Re: [PATCH][Arm] Auto-vectorization for MVE: vsub

Dennis Zhang via Gcc-patches Tue, 06 Oct 2020 09:47:25 -0700

Hi all,

On 8/17/20 6:41 PM, Dennis Zhang wrote:
> 
> Hi all,
> 
> This patch enables MVE vsub instructions for auto-vectorization.
> It adds RTL templates for MVE vsub instructions using 'minus' instead of
> unspec expression to make the instructions recognizable for vectorization.
> MVE target is added in sub<mode>3 optab. The sub<mode>3 optab is
> modified to use a mode iterator that selects available modes for various
> targets correspondingly.
> MVE vector modes are enabled in arm_preferred_simd_mode in arm.c to
> support vectorization.
> 
> This patch also fixes 'vreinterpretq_*.c' MVE intrinsic tests. The tests
> generate wrong instruction numbers because of unexpected icf optimization.
> This bug is exposed by the MVE vector modes enabled in this patch,
> therefore it is corrected in this patch to avoid test failures.
> 
> MVE instructions are documented here:
> https://developer.arm.com/architectures/instruction-sets/simd-isas/helium/helium-intrinsics
> 
> The patch is regtested for arm-none-eabi and bootstrapped for
> arm-none-linux-gnueabihf.
> 
> Is it OK for trunk please?
> 
> Thanks
> Dennis
> 
> gcc/ChangeLog:
> 
> 2020-08-10  Dennis Zhang  <dennis.zh...@arm.com>
> 
>       * config/arm/arm.c (arm_preferred_simd_mode): Enable MVE vector modes.
>       * config/arm/arm.h (TARGET_NEON_IWMMXT): New macro.
>       (TARGET_NEON_IWMMXT_MVE, TARGET_NEON_IWMMXT_MVE_FP): Likewise.
>       (TARGET_NEON_MVE_HFP): Likewise.
>       * config/arm/iterators.md (VSEL): New mode iterator to select modes
>       for corresponding targets.
>       * config/arm/mve.md (mve_vsubq<mode>): New entry for vsub instruction
>       using expression 'minus'.
>       (mve_vsubq_f<mode>): Use minus instead of VSUBQ_F unspec.
>       * config/arm/neon.md (sub<mode>3): Removed here.
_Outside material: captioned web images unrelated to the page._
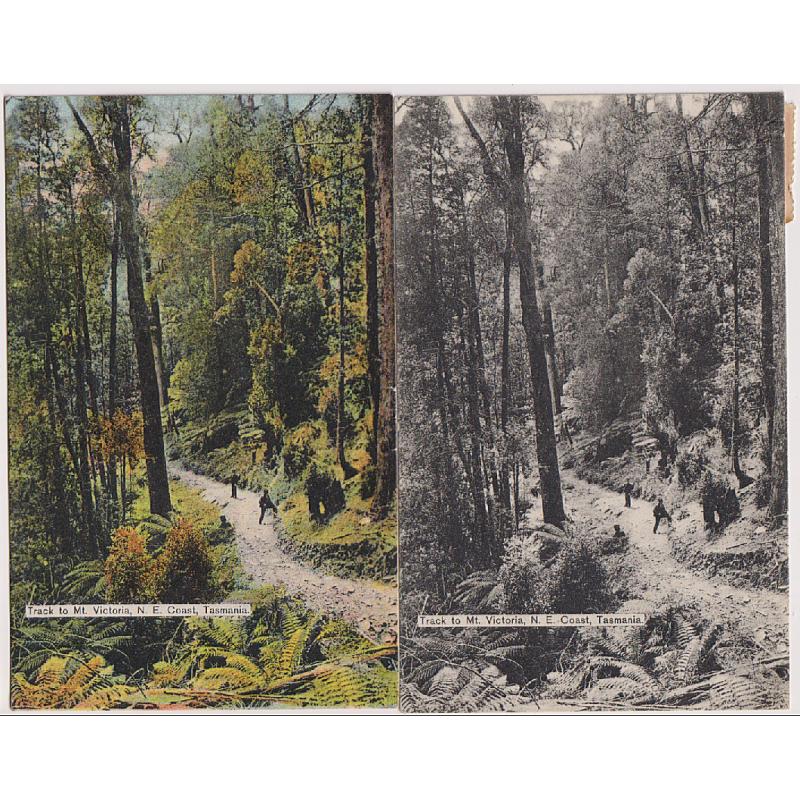 (WW1613) TASMANIA · 1909: 2 card by Spurling & Son w/views in b&w and colour of the TRACK TO MT VICTORIA, N.E. COAST using the same negative · see full description for card numbers · both items in nice condition (2)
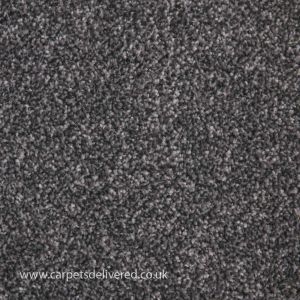 Queenstown 77 Pewter Easyback Polypropylene Carpet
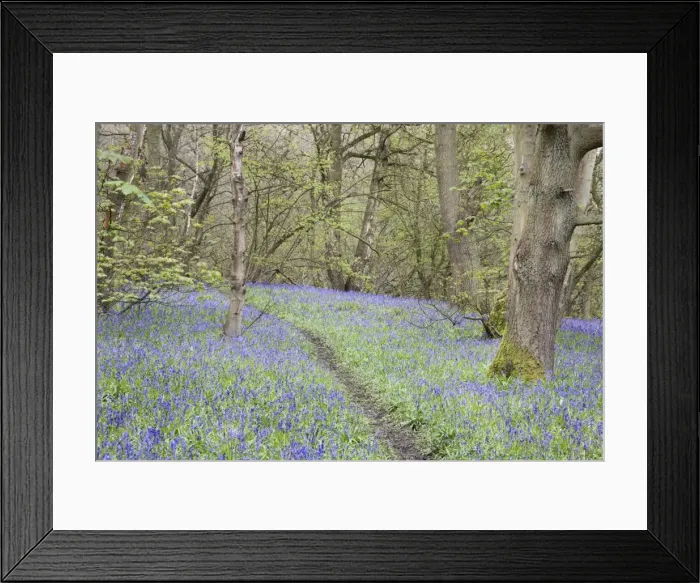Framed Print : Bluebells in Middleton Woods near Ilkley, West Yorkshire, Yorkshire, England, United Kingdom, Europe Framed Print : Bluebells in Middleton Woods near Ilkley, West Yorkshire, Yorkshire, England, United Kingdom, Europe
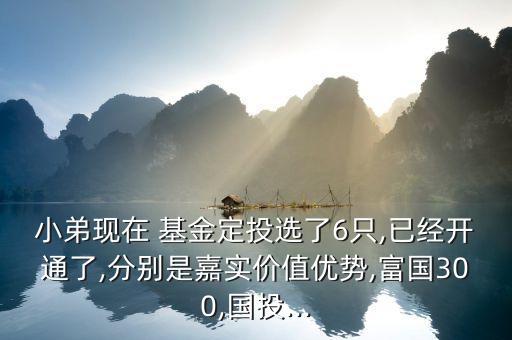 小弟現(xiàn)在 基金定投選了6只,已經(jīng)開通了,分別是嘉實(shí)價(jià)值優(yōu)勢,富國300,國投...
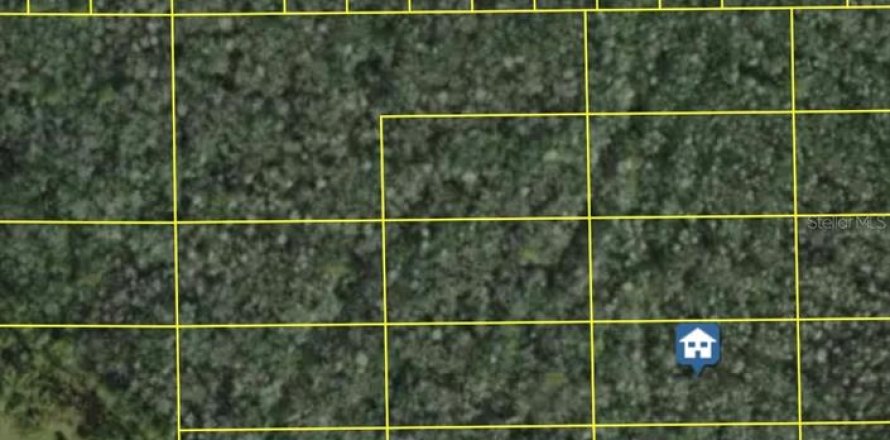 Terrain à Polk City, Floride № 2236735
Integrated in the
>       sub<mode>3 in vec-common.md
>       * config/arm/vec-common.md (sub<mode>3): Enable MVE target. Use VSEL
>       to select available modes. Exclude TARGET_NEON_FP16INST from
>       TARGET_NEON statement. Intergrate TARGET_NEON_FP16INST which is
>       originally in neon.md.
> 
> gcc/testsuite/ChangeLog:
> 
> 2020-08-10  Dennis Zhang  <dennis.zh...@arm.com>
> 
>       * gcc.target/arm/mve/intrinsics/vreinterpretq_f16.c: Use additional
>       option -fno-ipa-icf and change the instruction count from 8 to 16.
>       * gcc.target/arm/mve/intrinsics/vreinterpretq_f32.c: Likewise.
>       * gcc.target/arm/mve/intrinsics/vreinterpretq_s16.c: Likewise.
>       * gcc.target/arm/mve/intrinsics/vreinterpretq_s32.c: Likewise.
>       * gcc.target/arm/mve/intrinsics/vreinterpretq_s64.c: Likewise.
>       * gcc.target/arm/mve/intrinsics/vreinterpretq_s8.c: Likewise.
>       * gcc.target/arm/mve/intrinsics/vreinterpretq_u16.c: Likewise.
>       * gcc.target/arm/mve/intrinsics/vreinterpretq_u32.c: Likewise.
>       * gcc.target/arm/mve/intrinsics/vreinterpretq_u64.c: Likewise.
>       * gcc.target/arm/mve/intrinsics/vreinterpretq_u8.c: Likewise.
>       * gcc.target/arm/mve/mve.exp: Include tests in subdir 'vect'.
>       * gcc.target/arm/mve/vect/vect_sub_0.c: New test.
>       * gcc.target/arm/mve/vect/vect_sub_1.c: New test.
>


This patch is updated based on Richard Sandiford's patch adding new 
vector mode macros: 
https://gcc.gnu.org/pipermail/gcc-patches/2020-September/553425.html
The old version of this patch is at 
https://gcc.gnu.org/pipermail/gcc-patches/2020-August/552104.html
And a less related part in the old version is separated into another 
patch: https://gcc.gnu.org/pipermail/gcc-patches/2020-September/554100.html

This patch enables MVE vsub instructions for auto-vectorization.
It adds insns for MVE vsub instructions using 'minus' instead of unspec 
expression to make the instructions recognizable for auto-vectorization.
The sub<mode>3 in mve.md is modified to use new mode macros which make 
the expander available when certain modes are supported. Then various 
targets can share this expander for vectorization. The redundant 
sub<mode>3 insns in neon.md are then removed.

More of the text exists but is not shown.